■ EXERCISE BRIEF ■
Look through the data below for the line with "teenager with headphones and fanny pack" and the line with "Hotel Kronacker - Tienen - Спальня", then transcribe exactly from the first through the second, leaving out all pictures.

■ SOURCE RECORDS ■

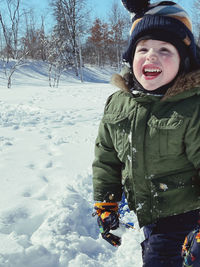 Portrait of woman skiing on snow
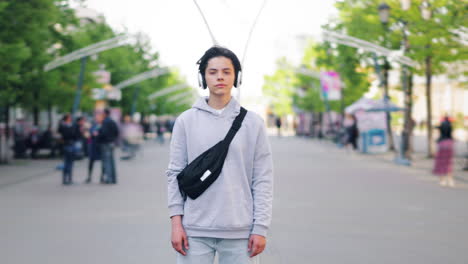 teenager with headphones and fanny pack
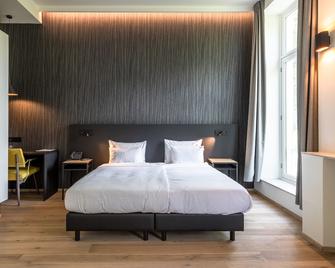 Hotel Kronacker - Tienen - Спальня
* * *
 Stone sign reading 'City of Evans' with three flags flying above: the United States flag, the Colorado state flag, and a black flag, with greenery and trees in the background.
--
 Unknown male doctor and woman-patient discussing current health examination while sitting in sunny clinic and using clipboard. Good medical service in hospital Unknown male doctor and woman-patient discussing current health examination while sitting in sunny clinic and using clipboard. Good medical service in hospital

■ ANSWER BELOW ■
 teenager with headphones and fanny pack
 Hotel Kronacker - Tienen - Спальня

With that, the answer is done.